Carl Friedrich Bolz said...

It's actually not a problem at all to have an AST-based interpreter. In fact, the Prolog uses "ASTs" (Prolog is homoiconic, so the ASTs are just Prologs normal data structures).

Maciej: that's not a problem if your ASTs are actually immutable. If they aren't you have a problem which indeed requires some engineering.

Quiz said...

The effect of the loop "[>+<-]" is

tape[position+1] += tape[position]
tape[position] = 0

We saw that PyPy can optimize the program counter away in this loop--but this loop could be executed in constant time.
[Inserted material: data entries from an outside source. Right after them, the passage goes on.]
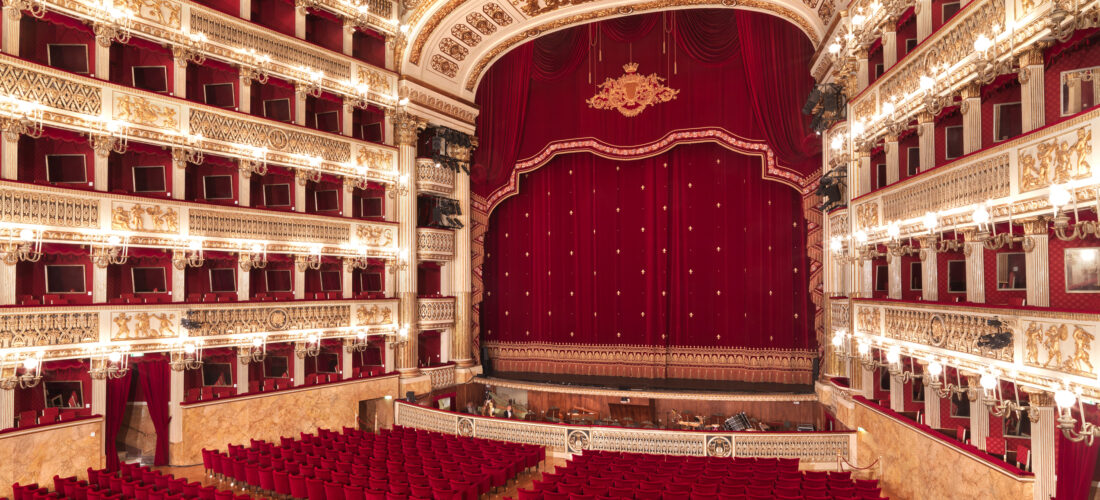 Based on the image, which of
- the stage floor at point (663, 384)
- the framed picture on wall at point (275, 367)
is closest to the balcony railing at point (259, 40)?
the framed picture on wall at point (275, 367)

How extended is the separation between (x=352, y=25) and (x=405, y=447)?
11.8m

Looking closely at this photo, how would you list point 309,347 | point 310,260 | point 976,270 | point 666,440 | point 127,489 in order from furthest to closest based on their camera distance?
point 310,260
point 309,347
point 666,440
point 127,489
point 976,270

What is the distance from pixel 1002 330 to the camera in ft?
28.4

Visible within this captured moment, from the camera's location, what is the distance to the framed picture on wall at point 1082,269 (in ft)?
27.6

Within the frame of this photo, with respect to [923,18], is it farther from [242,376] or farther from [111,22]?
[242,376]

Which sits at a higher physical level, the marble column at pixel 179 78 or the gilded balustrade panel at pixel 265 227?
the marble column at pixel 179 78

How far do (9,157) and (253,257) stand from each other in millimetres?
5155

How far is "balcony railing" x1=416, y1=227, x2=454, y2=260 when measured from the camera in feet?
66.9

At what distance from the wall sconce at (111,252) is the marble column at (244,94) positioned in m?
4.21

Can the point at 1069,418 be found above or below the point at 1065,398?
below

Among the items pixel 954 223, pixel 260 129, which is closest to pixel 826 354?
pixel 954 223

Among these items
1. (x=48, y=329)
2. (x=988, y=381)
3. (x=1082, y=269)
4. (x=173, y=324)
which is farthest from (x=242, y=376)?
(x=1082, y=269)

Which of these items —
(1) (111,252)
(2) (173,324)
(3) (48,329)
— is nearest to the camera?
(3) (48,329)

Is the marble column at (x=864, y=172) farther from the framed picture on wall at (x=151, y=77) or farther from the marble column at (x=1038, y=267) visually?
the framed picture on wall at (x=151, y=77) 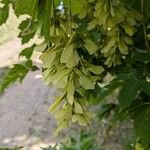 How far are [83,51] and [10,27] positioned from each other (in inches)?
267

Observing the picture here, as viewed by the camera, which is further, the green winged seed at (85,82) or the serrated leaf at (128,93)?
the serrated leaf at (128,93)

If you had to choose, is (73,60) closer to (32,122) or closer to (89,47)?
(89,47)

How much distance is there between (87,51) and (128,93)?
22 centimetres

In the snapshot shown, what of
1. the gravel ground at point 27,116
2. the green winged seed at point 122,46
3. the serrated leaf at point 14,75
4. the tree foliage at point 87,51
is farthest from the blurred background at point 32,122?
the green winged seed at point 122,46

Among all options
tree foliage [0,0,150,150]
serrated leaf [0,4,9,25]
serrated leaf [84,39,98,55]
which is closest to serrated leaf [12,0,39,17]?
tree foliage [0,0,150,150]

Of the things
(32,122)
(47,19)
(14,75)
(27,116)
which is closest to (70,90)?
(47,19)

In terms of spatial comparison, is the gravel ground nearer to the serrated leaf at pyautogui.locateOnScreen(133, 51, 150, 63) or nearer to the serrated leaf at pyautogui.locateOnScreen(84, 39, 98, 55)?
the serrated leaf at pyautogui.locateOnScreen(133, 51, 150, 63)

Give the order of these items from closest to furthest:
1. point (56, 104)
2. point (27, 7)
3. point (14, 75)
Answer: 1. point (27, 7)
2. point (56, 104)
3. point (14, 75)

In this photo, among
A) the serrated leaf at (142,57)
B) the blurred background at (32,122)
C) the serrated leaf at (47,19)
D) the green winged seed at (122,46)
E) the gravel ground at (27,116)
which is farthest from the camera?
the gravel ground at (27,116)

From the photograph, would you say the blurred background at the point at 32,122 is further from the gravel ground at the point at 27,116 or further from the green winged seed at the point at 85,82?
the green winged seed at the point at 85,82

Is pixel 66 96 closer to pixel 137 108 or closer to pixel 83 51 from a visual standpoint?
pixel 83 51

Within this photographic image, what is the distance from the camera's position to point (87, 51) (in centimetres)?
99

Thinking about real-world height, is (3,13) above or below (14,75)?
above

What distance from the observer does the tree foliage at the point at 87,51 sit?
34.8 inches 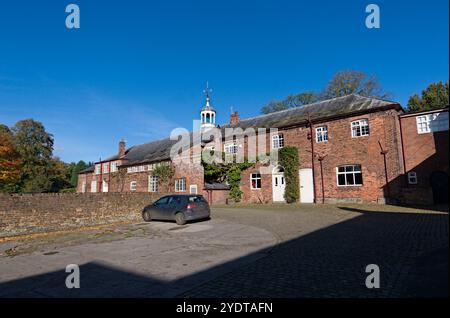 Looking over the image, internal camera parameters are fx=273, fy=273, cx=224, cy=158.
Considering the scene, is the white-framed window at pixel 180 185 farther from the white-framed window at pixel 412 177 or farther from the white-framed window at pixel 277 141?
the white-framed window at pixel 412 177

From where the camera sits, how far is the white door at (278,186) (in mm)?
24670

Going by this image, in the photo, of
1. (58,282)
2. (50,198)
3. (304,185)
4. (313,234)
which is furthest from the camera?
(304,185)

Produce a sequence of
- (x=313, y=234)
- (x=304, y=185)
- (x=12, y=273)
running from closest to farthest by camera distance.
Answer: (x=12, y=273) < (x=313, y=234) < (x=304, y=185)

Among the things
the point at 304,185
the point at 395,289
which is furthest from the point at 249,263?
the point at 304,185

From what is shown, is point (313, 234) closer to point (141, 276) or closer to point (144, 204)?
point (141, 276)

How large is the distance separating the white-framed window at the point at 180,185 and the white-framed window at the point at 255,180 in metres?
8.74

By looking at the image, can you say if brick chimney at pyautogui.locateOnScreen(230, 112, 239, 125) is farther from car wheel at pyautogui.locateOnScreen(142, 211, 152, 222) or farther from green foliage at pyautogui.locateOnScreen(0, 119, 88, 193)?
green foliage at pyautogui.locateOnScreen(0, 119, 88, 193)

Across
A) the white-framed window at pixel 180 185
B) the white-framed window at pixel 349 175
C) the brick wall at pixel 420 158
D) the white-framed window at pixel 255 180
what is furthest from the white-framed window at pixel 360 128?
the white-framed window at pixel 180 185

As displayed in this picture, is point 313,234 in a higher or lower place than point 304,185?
lower

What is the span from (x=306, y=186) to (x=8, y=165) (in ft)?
139

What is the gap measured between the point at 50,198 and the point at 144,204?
18.3 feet

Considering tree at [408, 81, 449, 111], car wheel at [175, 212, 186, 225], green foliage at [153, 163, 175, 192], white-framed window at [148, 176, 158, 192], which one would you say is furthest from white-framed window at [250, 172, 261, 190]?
tree at [408, 81, 449, 111]

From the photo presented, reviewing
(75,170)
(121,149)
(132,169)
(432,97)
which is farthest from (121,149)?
(75,170)
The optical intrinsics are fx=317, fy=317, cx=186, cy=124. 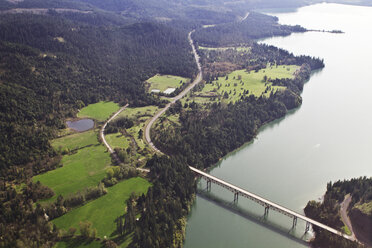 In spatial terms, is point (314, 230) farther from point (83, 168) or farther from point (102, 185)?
point (83, 168)

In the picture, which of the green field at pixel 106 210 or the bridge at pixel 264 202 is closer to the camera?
the bridge at pixel 264 202

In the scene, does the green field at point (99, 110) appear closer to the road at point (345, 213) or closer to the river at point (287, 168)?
the river at point (287, 168)

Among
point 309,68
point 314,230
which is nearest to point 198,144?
point 314,230

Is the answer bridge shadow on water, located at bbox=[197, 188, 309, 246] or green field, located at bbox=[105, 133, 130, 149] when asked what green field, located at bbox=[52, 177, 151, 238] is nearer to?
bridge shadow on water, located at bbox=[197, 188, 309, 246]

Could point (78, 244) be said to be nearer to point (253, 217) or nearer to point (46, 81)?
point (253, 217)

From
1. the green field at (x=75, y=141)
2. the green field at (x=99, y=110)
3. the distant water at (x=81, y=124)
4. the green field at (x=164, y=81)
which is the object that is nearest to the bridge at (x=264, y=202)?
the green field at (x=75, y=141)

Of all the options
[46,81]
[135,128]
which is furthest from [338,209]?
[46,81] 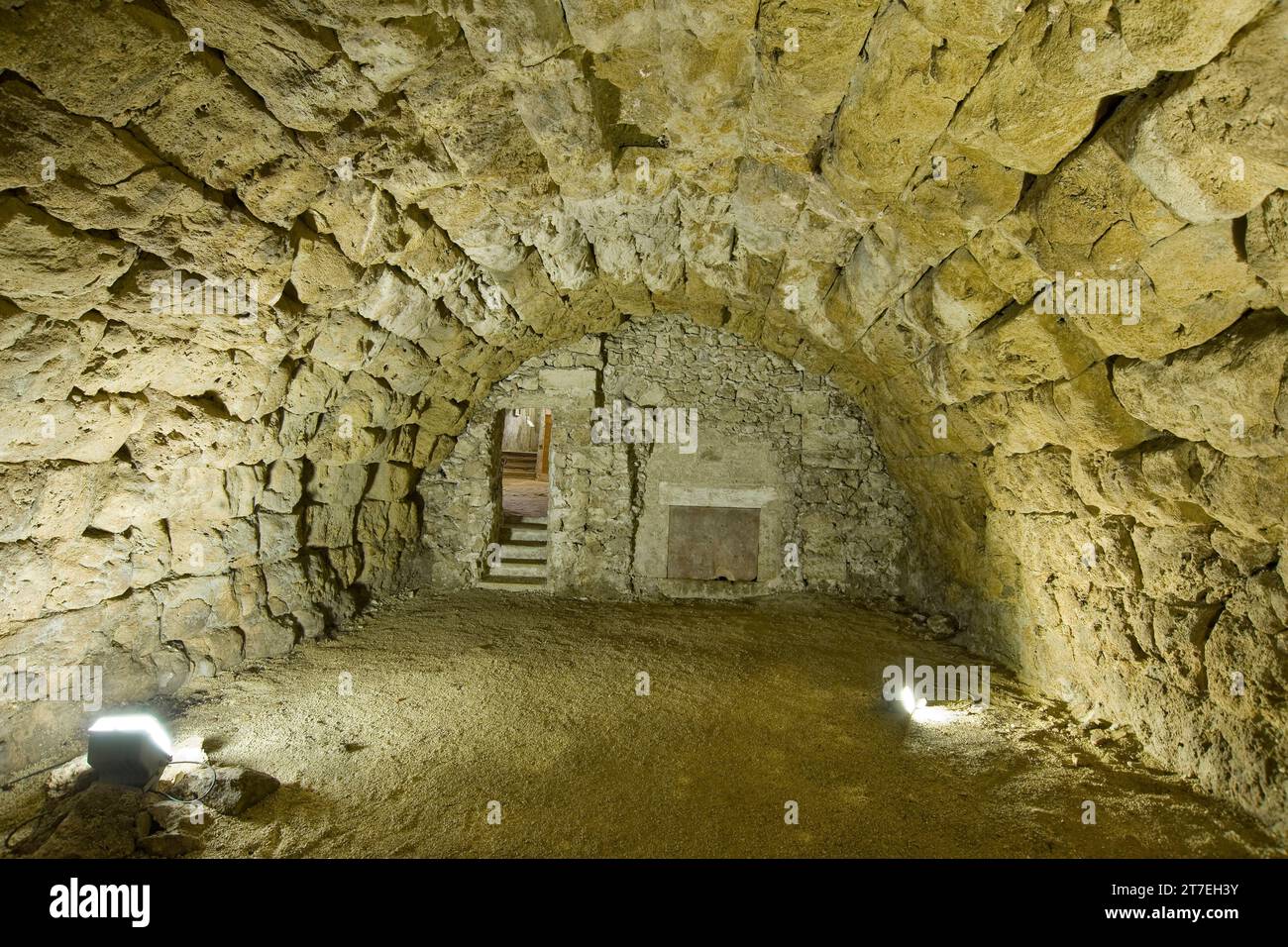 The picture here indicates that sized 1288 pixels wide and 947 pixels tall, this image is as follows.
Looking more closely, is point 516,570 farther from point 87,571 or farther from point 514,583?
point 87,571

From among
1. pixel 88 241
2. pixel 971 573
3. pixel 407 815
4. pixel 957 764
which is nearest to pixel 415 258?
pixel 88 241

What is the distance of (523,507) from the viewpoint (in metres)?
10.6

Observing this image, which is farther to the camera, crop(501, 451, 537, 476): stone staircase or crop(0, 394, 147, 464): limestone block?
crop(501, 451, 537, 476): stone staircase

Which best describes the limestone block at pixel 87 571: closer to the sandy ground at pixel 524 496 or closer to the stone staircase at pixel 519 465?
the sandy ground at pixel 524 496

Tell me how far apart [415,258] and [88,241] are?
1.71 meters

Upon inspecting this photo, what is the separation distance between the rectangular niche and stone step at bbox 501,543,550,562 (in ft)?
5.36

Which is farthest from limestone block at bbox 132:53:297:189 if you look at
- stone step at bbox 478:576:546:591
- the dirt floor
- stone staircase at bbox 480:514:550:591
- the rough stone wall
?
stone step at bbox 478:576:546:591

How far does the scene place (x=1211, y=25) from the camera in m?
1.49

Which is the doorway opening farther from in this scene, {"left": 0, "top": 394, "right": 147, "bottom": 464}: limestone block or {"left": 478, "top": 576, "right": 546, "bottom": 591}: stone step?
{"left": 0, "top": 394, "right": 147, "bottom": 464}: limestone block

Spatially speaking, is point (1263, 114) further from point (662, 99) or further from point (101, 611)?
Answer: point (101, 611)

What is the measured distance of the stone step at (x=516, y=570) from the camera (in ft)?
23.3

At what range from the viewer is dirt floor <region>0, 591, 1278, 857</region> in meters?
2.57

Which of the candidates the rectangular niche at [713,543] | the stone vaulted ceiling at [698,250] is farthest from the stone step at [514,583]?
the stone vaulted ceiling at [698,250]

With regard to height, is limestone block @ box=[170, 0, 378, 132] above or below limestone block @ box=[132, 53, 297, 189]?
above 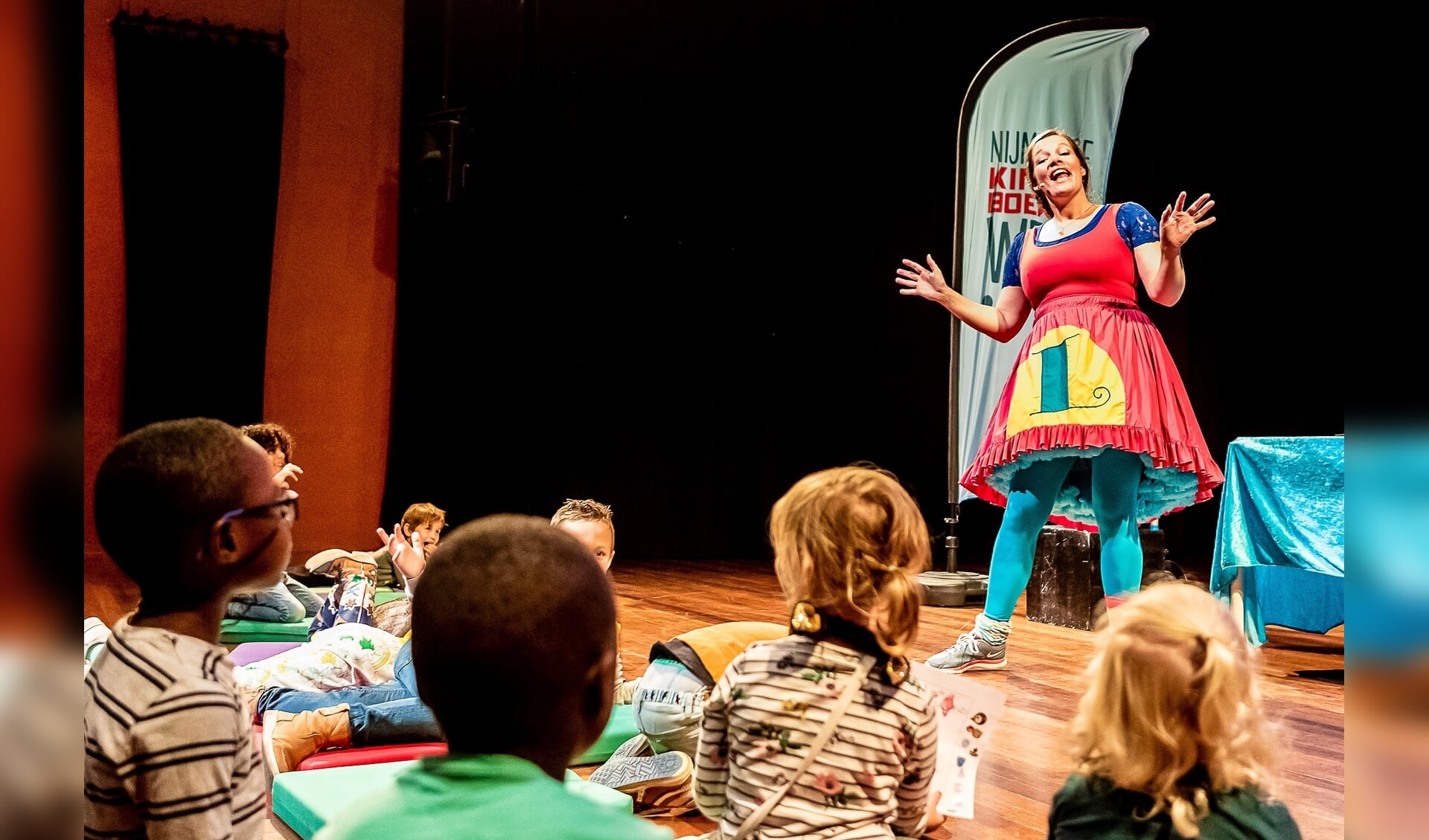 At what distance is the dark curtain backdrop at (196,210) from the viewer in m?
5.62

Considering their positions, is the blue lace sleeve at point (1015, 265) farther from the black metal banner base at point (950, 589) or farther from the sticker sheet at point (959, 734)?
the black metal banner base at point (950, 589)

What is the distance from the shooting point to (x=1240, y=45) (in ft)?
20.1

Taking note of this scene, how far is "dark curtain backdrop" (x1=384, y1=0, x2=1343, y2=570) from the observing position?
6176 mm

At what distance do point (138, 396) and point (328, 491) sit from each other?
1.13m

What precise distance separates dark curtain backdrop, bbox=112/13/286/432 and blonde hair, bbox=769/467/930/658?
16.5 ft

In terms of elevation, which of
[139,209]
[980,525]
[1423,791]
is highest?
[139,209]

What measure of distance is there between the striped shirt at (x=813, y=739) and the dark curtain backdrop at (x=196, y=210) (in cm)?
502

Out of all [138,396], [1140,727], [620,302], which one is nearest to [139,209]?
[138,396]

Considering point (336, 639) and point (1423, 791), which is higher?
point (1423, 791)

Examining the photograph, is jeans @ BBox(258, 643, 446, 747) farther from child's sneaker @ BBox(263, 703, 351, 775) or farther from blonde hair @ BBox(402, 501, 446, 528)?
blonde hair @ BBox(402, 501, 446, 528)

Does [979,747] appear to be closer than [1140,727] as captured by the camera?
No

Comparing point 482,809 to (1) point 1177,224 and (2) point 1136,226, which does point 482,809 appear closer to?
(1) point 1177,224

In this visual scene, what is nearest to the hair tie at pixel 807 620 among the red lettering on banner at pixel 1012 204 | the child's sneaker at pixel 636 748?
the child's sneaker at pixel 636 748

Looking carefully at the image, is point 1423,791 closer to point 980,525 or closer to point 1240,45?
point 1240,45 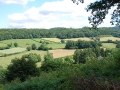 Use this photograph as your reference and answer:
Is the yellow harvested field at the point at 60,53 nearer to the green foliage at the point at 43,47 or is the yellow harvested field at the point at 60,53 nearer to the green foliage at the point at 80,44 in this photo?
the green foliage at the point at 80,44

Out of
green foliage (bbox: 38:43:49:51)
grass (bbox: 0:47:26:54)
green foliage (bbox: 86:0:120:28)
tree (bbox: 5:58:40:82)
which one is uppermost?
green foliage (bbox: 86:0:120:28)

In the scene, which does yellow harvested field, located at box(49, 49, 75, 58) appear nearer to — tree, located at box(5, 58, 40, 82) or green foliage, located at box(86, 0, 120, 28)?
tree, located at box(5, 58, 40, 82)

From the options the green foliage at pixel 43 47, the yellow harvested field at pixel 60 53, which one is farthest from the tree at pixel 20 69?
the green foliage at pixel 43 47

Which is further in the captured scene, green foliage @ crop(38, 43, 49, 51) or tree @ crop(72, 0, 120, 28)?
green foliage @ crop(38, 43, 49, 51)

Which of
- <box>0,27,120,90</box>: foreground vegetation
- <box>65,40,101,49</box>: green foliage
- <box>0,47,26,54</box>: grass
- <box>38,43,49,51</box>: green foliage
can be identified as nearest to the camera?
<box>0,27,120,90</box>: foreground vegetation

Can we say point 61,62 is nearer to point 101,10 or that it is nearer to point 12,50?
point 101,10

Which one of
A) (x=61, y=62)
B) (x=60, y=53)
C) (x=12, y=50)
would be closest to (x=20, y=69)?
(x=61, y=62)

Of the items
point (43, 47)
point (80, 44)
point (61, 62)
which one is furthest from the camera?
point (80, 44)

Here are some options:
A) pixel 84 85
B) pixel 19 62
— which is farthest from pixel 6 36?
pixel 84 85

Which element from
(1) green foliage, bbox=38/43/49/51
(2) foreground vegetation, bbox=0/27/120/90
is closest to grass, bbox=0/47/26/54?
(2) foreground vegetation, bbox=0/27/120/90

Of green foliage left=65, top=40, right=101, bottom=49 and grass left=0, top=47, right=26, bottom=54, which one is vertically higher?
green foliage left=65, top=40, right=101, bottom=49

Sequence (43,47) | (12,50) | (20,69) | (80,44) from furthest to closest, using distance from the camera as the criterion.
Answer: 1. (80,44)
2. (43,47)
3. (12,50)
4. (20,69)

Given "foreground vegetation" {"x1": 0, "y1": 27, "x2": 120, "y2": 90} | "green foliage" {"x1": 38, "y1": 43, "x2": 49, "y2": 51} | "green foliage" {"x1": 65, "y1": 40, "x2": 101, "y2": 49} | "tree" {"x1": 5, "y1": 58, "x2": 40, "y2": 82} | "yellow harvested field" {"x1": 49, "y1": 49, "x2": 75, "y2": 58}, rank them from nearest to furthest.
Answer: "foreground vegetation" {"x1": 0, "y1": 27, "x2": 120, "y2": 90} < "tree" {"x1": 5, "y1": 58, "x2": 40, "y2": 82} < "yellow harvested field" {"x1": 49, "y1": 49, "x2": 75, "y2": 58} < "green foliage" {"x1": 38, "y1": 43, "x2": 49, "y2": 51} < "green foliage" {"x1": 65, "y1": 40, "x2": 101, "y2": 49}

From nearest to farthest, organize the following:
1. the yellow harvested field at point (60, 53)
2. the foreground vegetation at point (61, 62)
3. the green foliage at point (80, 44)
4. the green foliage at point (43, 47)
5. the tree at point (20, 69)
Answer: the foreground vegetation at point (61, 62) < the tree at point (20, 69) < the yellow harvested field at point (60, 53) < the green foliage at point (43, 47) < the green foliage at point (80, 44)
Will PyPy ever be able to optimize it to that degree?

Winston Ewert said...

Well, you finally motivated me to give it a try. I optimized the BF example and managed to get some pretty nice speed boosts all without dipping into the low level (aside from reading the log)

Anonymous said...

Great article, man! Many thanks and keep on rocking!

Anonymous said...

Great tutorial, but where can I find the 'test.b' file (mentioned for the tracing JIT) for a try?

Anonymous said...

hi guys. can jit merge points not be put inside methods? Going off example3.py, if I take the body of the while loop and move it into a method of the Tape class (along with the jitdriver), all the speed gains go away. can anyone explain why this happens? Thanks!